===== Records for this exercise =====

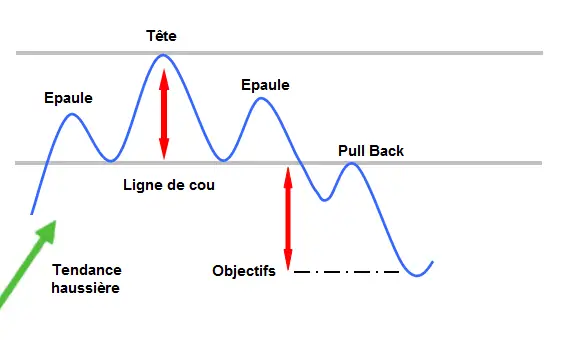 APPRENDRE la tete et epaules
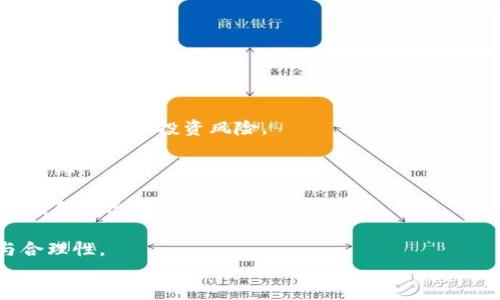 

tpwallet如何安全便捷地出售PIG币：全面指南

关键词：

tpwallet, PIG币, 出售, 加密货币/guanjianci

---

引言
在当前数字经济蓬勃发展的时代，越来越多的投资者开始关注加密货币，而PIG币（Pig Token）作为一种新兴的数字资产，也吸引了大量热衷于投资的用户。对于许多人来说，如何在交易平台上安全、便捷地出售PIG币是一个重要的问题。本文将全面介绍如何通过tpwallet出售PIG币，并提供一些相关的安全操作和市场分析。

tpwallet简介
tpwallet是一个多功能的去中心化钱包，支持多种加密货币的存储与交易。用户可以在tpwallet内安全地管理自己的数字资产，包括PIG币。该钱包的界面友好，操作简单，非常适合新手用户使用。此外，tpwallet还提供了与多个去中心化交易所（DEX）的连接，使得用户可以方便地进行资产交易。

如何在tpwallet中出售PIG币
在tpwallet中出售PIG币的过程可以分为几个关键步骤：

h4步骤一：创建并登录tpwallet账户/h4
首先，用户需要在tpwallet官方网站注册一个账户。如果你已经有账户，可以直接登录。在创建账户时，请确保使用强密码，并记下助记词以备不时之需，确保资产的安全。

h4步骤二：将PIG币转入tpwallet/h4
登录成功后，用户需要将PIG币转入tpwallet。如果你已经从其他平台购买了PIG币，可以在钱包界面找到你的PIG币地址，并通过区块链网络将PIG币转移到该地址。在转移完成后，可以在钱包中查看到相应的PIG币余额。

h4步骤三：选择交易对并进行交易/h4
在tpwallet中，用户可以选择不同的交易对进行交易。在“交易”功能版块中，可以找到PIG币与其他主要的加密货币（如USDT、ETH等）的交易对。选择你希望兑换的交易对，然后输入你想出售的PIG币数量。

h4步骤四：确认交易并收取收益/h4
在确认交易之前，建议用户仔细检查交易信息，包括价格、数量以及交易手续费等。确认无误后，可以提交交易申请。一般情况下，交易完成后，所兑换的数字资产将自动转入你的tpwallet账户。

出售PIG币时的注意事项
在出售PIG币时，有几个重要的注意事项：

h41. 及时关注市场行情/h4
加密货币市场波动剧烈，因此在出售PIG币前，应密切关注市场行情，确保在价格合适的时候出售。这可以通过查看相关的市场分析网站、社交媒体或加密货币交易所的实时报价来实现。

h42. 防范安全风险/h4
在进行任何形式的交易时，安全性永远是第一位的。用户应该确保使用的是官方的tpwallet网站，避免钓鱼网站的风险。此外，应定期更改密码，并启用双重身份验证（2FA）以提高账户的安全性。

h43. 了解手续费/h4
在tpwallet进行交易时，会产生一定的交易手续费。用户应事先了解有关手续费用的信息，以避免出现意外的损失。同时，注意不同交易对的手续费可能会有所不同。

h44. 资产分散化管理/h4
出售PIG币后，用户应考虑如何管理新获得的资产。建议资产分散化投资，通过多元化配置降低投资风险。

相关问题探讨

问题一：什么是PIG币，它的实际应用场景是怎样的？
PIG币，即Pig Token，是一种基于区块链技术发行的加密货币。它的创建旨在促进透明、安全且高效的交易。在实际应用中，PIG币除了作为交易媒介外，还可以用于参与去中心化金融（DeFi）项目、NFT交易以及其他数字经济的生态系统。

PIG币的实际应用场景包括但不限于：
ul
    listrong去中心化金融（DeFi）/strong：PIG币可以用于流动性挖掘、借贷等DeFi项目，实现更高的资金效率。/li
    listrongNFT交易/strong：用户可以使用PIG币购买非同质化代币（NFT），参与数字艺术和虚拟资产的交易。/li
    listrong社区奖励/strong：一些项目可能会利用PIG币作为奖励机制，鼓励用户参与生态系统的建设。/li
/ul

问题二：如何评估PIG币的市场价值与潜在风险？
评估PIG币的市场价值需要关注多个因素，包括市场情绪、交易量、项目进展等。首先，用户应检查PIG币的历史价格波动，分析其长期趋势。此外，可以利用技术分析工具（如MA、RSI等）进行更深层次的市场解析。

其次，了解该项目团队的背景、技术开发状态、合作伙伴等信息也非常重要。项目的可持续发展和实际应用都直接影响其价值。因此，定期关注项目的更新动态、公告和社区讨论，可以帮助用户掌握市场脉搏，做好风险控制。

最后，制定个人投资策略，设定止损和止盈点，能有效降低潜在风险。在市场波动中保持冷静，以合理的心态进行交易，才能在加密货币市场中立于不败之地。

问题三：tpwallet有哪些优势？为什么选择它来出售PIG币？
tpwallet作为一个去中心化的钱包，提供了多种优势，使其成为出售PIG币的理想选择。

strong1. 安全性/strong：tpwallet坚持去中心化理念，用户控制私钥，降低了黑客攻击的风险。同时，钱包内置的安全性防护措施、双重身份验证等功能更让用户交易更为安心。

strong2. 友好的用户界面/strong：tpwallet的界面设计，即使是新手用户也能轻松上手。此外，系统提供了全面的帮助和指南，以便用户快速熟悉各项功能。

strong3. 丰富的功能/strong：除了基本的资产存储与交易功能，tpwallet还支持多种加密资产、连接去中心化交易所、参与流动性挖掘等功能，满足用户的多样化需求。

strong4. 跨平台支持/strong：tpwallet支持多种设备，用户可以在手机、平板和电脑上灵活使用，方便用户随时随地管理资产。

问题四：在出售PIG币后，该如何有效管理获利资产？
出售PIG币后，有效管理获利资产是投资者必须认真对待的环节。以下是一些管理建议：

strong1. 规划资产配置/strong：在出售PIG币后，可以将获得的资产分散投资于不同的加密货币、传统资产（如股票、基金）或者固定收益产品，降低总体投资风险。

strong2. 定期审视投资组合/strong：资产配置策略并不是一成不变的。应定期评估当前投资组合的表现，及时调整策略，以应对市场环境的变化。

strong3. 保持学习与信息获取/strong：在快速变化的市场中，投资者需要不断学习新的投资知识、获取市场信息，通过深度学习与实践总结提升自己的投资能力。

strong4. 遵循投资纪律/strong：设定止损、止盈及重仓、分仓策略，严格遵守投资纪律，不盲目跟风或情绪化决策，不断提高决策的科学性与合理性。

结论
在tpwallet出售PIG币并不是一件复杂的事情，但需要用户在过程中保持警惕，遵循相关的安全和交易原则。本文旨在为对PIG币和tpwallet有兴趣的用户提供全面的指南，希望能帮助你在加密货币市场更为安全地进行资产管理和投资交易。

=====

◆ What the exercise asks
Please return exactly the lines above, from where the listing starts to the line holding "出售PIG币时的注意事项", inclusive, with the pictures omitted.

◆ Reply
 APPRENDRE la tete et epaules

tpwallet如何安全便捷地出售PIG币：全面指南

关键词：

tpwallet, PIG币, 出售, 加密货币/guanjianci

---

引言
在当前数字经济蓬勃发展的时代，越来越多的投资者开始关注加密货币，而PIG币（Pig Token）作为一种新兴的数字资产，也吸引了大量热衷于投资的用户。对于许多人来说，如何在交易平台上安全、便捷地出售PIG币是一个重要的问题。本文将全面介绍如何通过tpwallet出售PIG币，并提供一些相关的安全操作和市场分析。

tpwallet简介
tpwallet是一个多功能的去中心化钱包，支持多种加密货币的存储与交易。用户可以在tpwallet内安全地管理自己的数字资产，包括PIG币。该钱包的界面友好，操作简单，非常适合新手用户使用。此外，tpwallet还提供了与多个去中心化交易所（DEX）的连接，使得用户可以方便地进行资产交易。

如何在tpwallet中出售PIG币
在tpwallet中出售PIG币的过程可以分为几个关键步骤：

h4步骤一：创建并登录tpwallet账户/h4
首先，用户需要在tpwallet官方网站注册一个账户。如果你已经有账户，可以直接登录。在创建账户时，请确保使用强密码，并记下助记词以备不时之需，确保资产的安全。

h4步骤二：将PIG币转入tpwallet/h4
登录成功后，用户需要将PIG币转入tpwallet。如果你已经从其他平台购买了PIG币，可以在钱包界面找到你的PIG币地址，并通过区块链网络将PIG币转移到该地址。在转移完成后，可以在钱包中查看到相应的PIG币余额。

h4步骤三：选择交易对并进行交易/h4
在tpwallet中，用户可以选择不同的交易对进行交易。在“交易”功能版块中，可以找到PIG币与其他主要的加密货币（如USDT、ETH等）的交易对。选择你希望兑换的交易对，然后输入你想出售的PIG币数量。

h4步骤四：确认交易并收取收益/h4
在确认交易之前，建议用户仔细检查交易信息，包括价格、数量以及交易手续费等。确认无误后，可以提交交易申请。一般情况下，交易完成后，所兑换的数字资产将自动转入你的tpwallet账户。

出售PIG币时的注意事项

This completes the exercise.